Why Do I Feel This Way?

Meditations on the passing of my mother


I am not an emotional person, but when my father died, I got emotional. I blamed it on the syruppy music in the funeral home. He had been distant for some time, so there was no sense of personal loss.

Five years later, almost to the day, my mother died. I got emotional again. She never got close to anybody -- certainly not to her three children -- so again there was no sense of personal loss. There was no syruppy music, no funeral home, so I can't blame that. Wherefore, then?

Maybe God puts into us a personal bonding, the way a chick bonds to the first moving object it sees after hatching, so that even if our emotional attachment is not reciprocated, we are forever tied. I don't know. All her life, my sister tried to please her mother; she never succeeded. I made a heroic effort one Christmas when I was in high school; when it failed, I just put up a shell and stopped trying.

From my sister Beth I learned that you do the right thing, even if there is no personal benefit. I tried to do that. Not long after my father died I invited Mother to come live here in Bolivar. Beth had been watching over her, but her situation was becoming unstable, so I decided it was my turn. Mother was near the age when her mother and her mother's father both declined into dementia. I told Mother that if she wanted to work with me, I would be better able to provide for her care in a manner agreeable to her; otherwise I would just do the best I can by guessing. She came, but she did not trust anybody -- not even me, as she told me before coming. So I did the best I could, as planned. I have no regrets. The only surprise was how fast it happened. I was a little conflicted about putting her into a care facility against her wishes, but not much. She needed somebody to manage her meds and to make sure she ate right. The doctors said so.

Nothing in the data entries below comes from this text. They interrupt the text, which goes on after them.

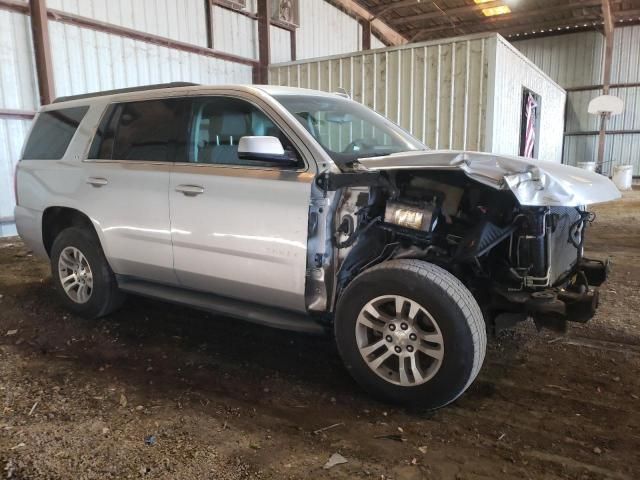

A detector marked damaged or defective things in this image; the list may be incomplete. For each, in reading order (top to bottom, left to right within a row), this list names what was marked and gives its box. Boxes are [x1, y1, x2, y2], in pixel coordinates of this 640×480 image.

damaged hood [358, 150, 624, 206]
front bumper damage [492, 256, 612, 332]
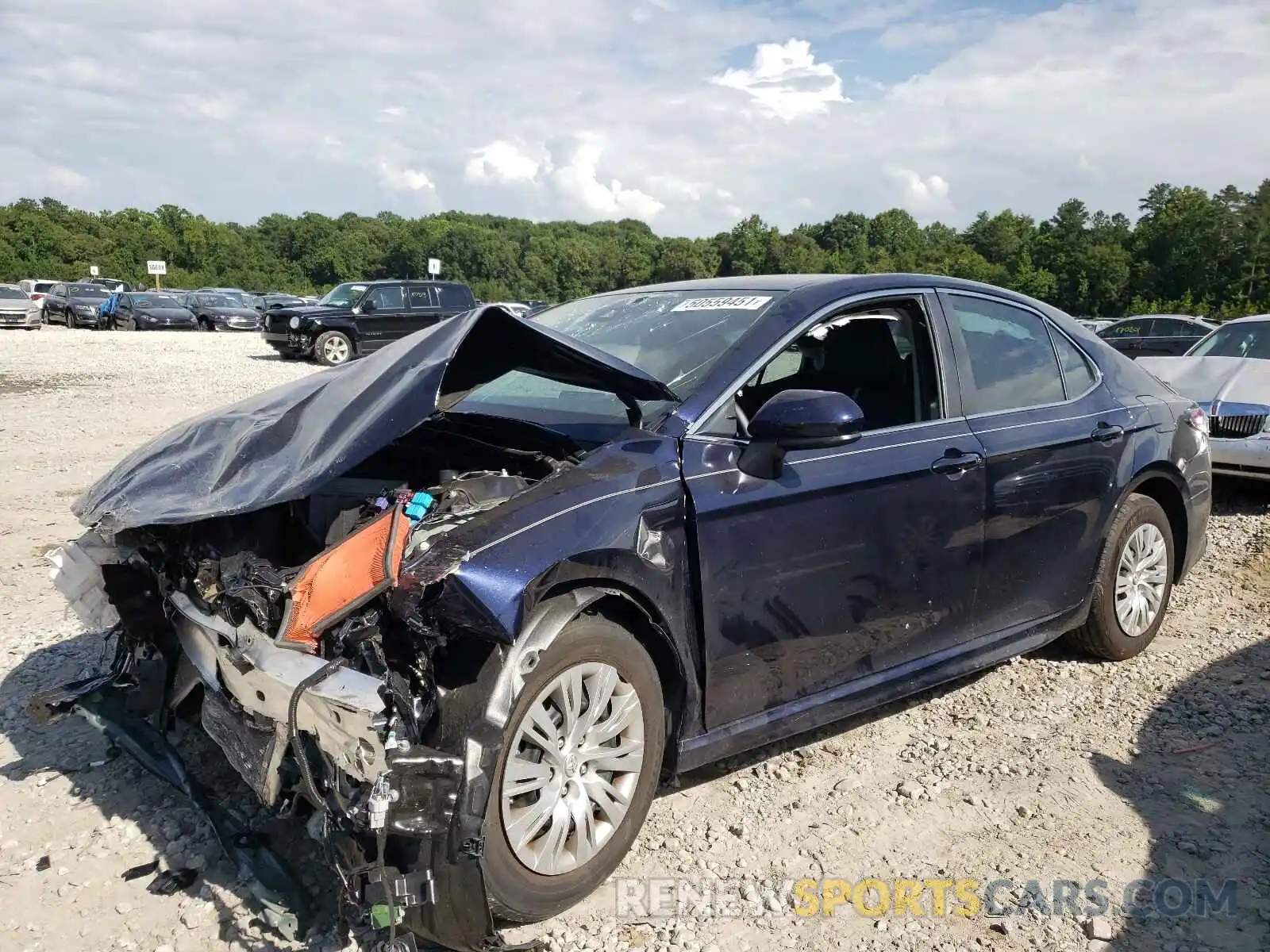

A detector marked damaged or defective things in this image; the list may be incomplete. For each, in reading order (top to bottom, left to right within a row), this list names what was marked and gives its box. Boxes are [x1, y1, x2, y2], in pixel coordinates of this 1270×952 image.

crumpled hood [74, 305, 680, 533]
crumpled hood [1137, 355, 1270, 406]
crushed front end [31, 466, 551, 949]
damaged dark blue sedan [37, 275, 1209, 952]
broken plastic debris [120, 863, 159, 883]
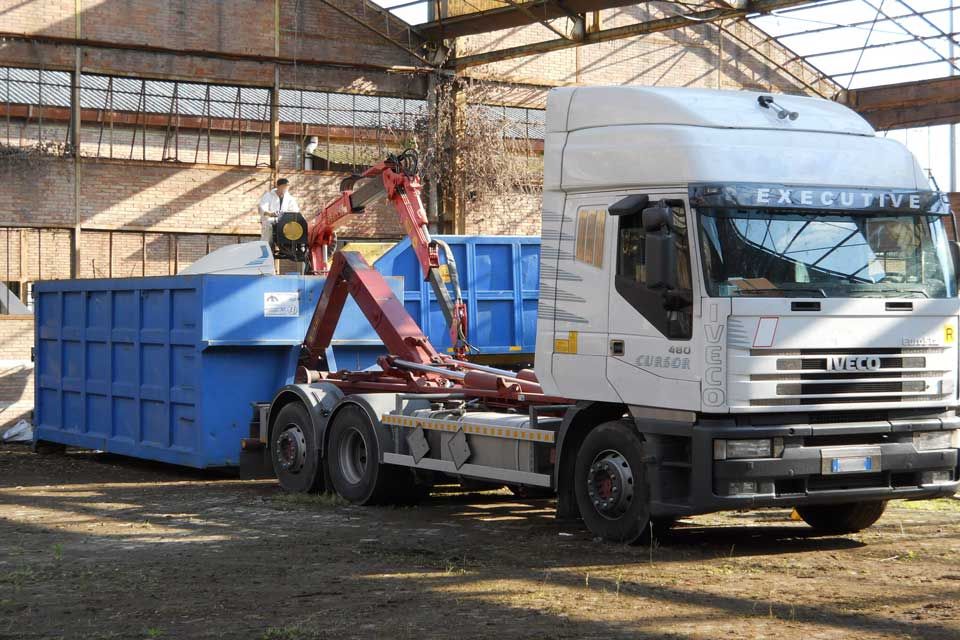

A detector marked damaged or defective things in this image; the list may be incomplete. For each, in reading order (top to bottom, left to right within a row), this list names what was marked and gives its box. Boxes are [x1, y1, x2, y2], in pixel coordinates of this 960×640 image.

rusty beam [454, 0, 836, 69]
rusty beam [844, 75, 960, 130]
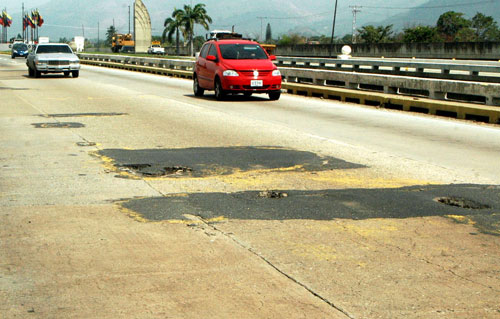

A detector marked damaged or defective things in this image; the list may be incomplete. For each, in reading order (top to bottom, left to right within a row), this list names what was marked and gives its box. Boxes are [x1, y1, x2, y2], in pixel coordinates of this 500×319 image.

dark asphalt repair patch [98, 147, 364, 179]
asphalt patch [98, 147, 364, 179]
dark asphalt repair patch [120, 185, 500, 235]
asphalt patch [120, 185, 500, 235]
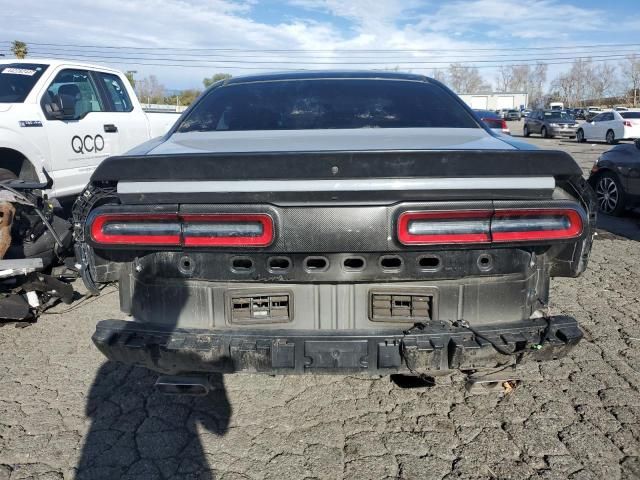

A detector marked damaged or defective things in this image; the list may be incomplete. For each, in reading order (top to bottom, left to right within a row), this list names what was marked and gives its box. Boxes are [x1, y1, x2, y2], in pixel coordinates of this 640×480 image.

damaged car part on ground [0, 171, 76, 320]
cracked asphalt [1, 123, 640, 476]
damaged car part on ground [72, 72, 596, 390]
detached bumper cover [92, 316, 584, 376]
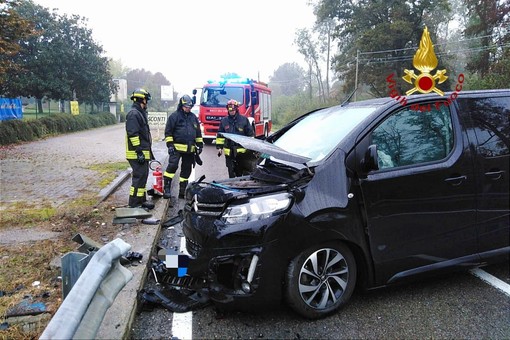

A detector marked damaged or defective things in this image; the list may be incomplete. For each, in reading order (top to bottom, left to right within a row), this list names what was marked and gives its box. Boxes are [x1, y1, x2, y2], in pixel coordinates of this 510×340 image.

dented hood [220, 133, 310, 165]
broken headlight [219, 193, 290, 224]
damaged black van [171, 89, 506, 320]
bent guardrail [39, 238, 132, 338]
detached bumper piece [138, 286, 208, 314]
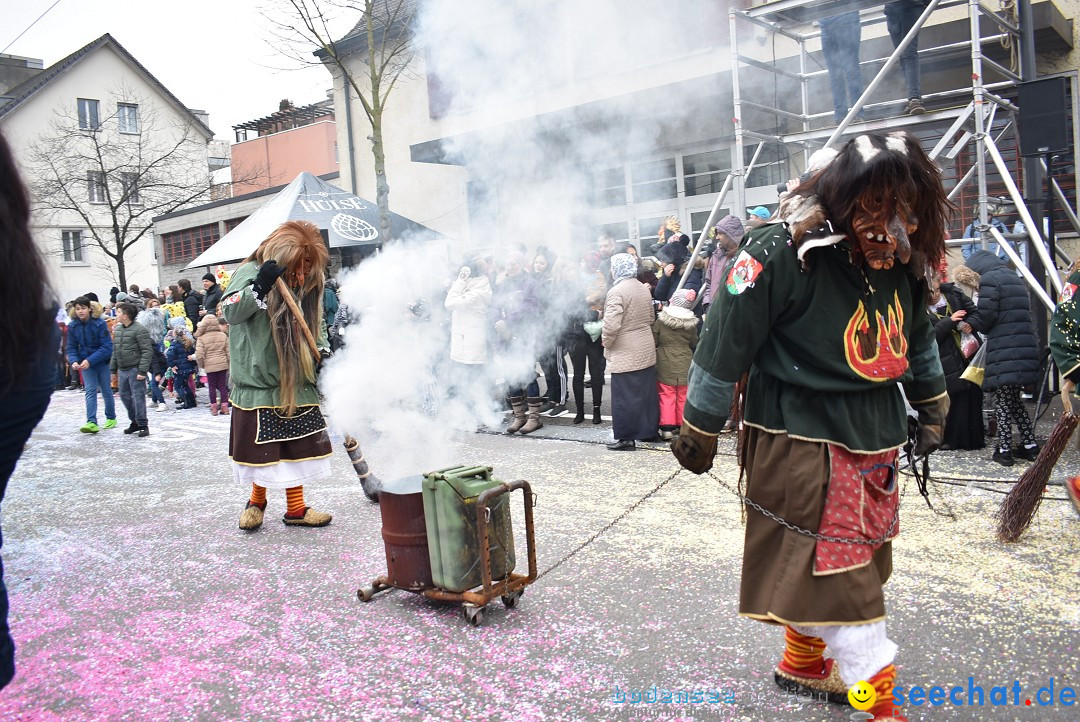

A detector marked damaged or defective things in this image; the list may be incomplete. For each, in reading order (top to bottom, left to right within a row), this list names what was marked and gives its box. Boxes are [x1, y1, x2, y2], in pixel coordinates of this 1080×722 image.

rusty metal barrel [378, 474, 432, 587]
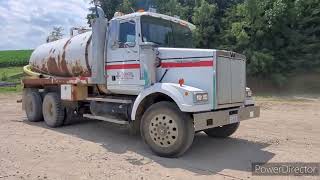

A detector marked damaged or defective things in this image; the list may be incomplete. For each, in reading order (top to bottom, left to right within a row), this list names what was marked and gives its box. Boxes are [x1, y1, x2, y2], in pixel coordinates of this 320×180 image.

rusty steel tank [29, 31, 92, 77]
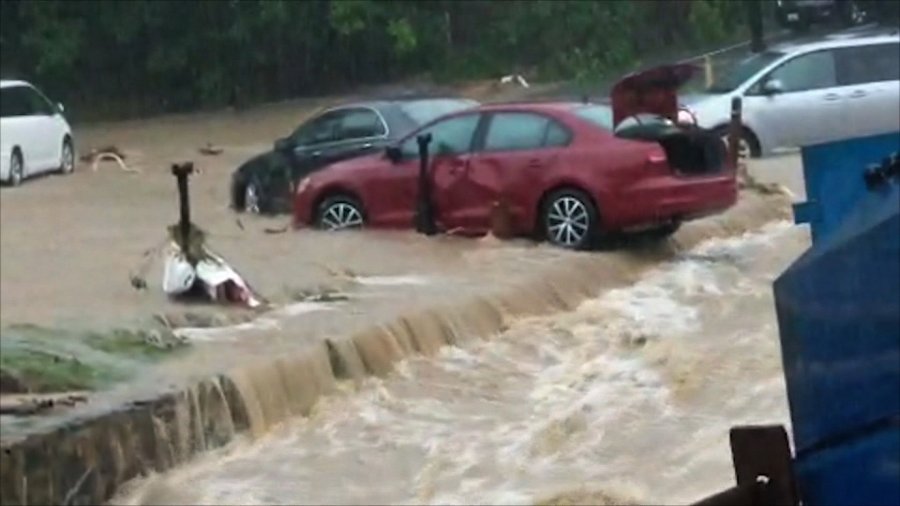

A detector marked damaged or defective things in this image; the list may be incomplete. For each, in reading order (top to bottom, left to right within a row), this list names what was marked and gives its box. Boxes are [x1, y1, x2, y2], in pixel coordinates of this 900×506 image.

damaged car hood [608, 62, 700, 128]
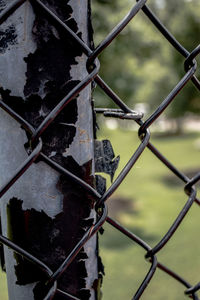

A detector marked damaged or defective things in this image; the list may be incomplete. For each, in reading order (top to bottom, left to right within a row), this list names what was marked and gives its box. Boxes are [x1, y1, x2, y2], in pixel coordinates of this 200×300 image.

peeling black paint [0, 24, 17, 53]
rusty metal post [0, 1, 97, 298]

Three weeks ago Mother was on top of the world, trying to manipulate me into adding a fixture to her room. The next week she was hardly awake. I was concerned and asked her doc about it. He said ups and downs like this are normal for a person in her condition, so I gave it no further thought. Beth decided to come down from Iowa and "cheer her up" -- take her for a drive, out to lunch, buy her a new suit. We were on the way to the nursing home when they called and said "Your mother has a fever, so we are putting her into an ambulance." We turned around and drove to the hospital. She died in Beth's hands, there in the ER. I broke up. I suppose(d) it was empathy for Beth.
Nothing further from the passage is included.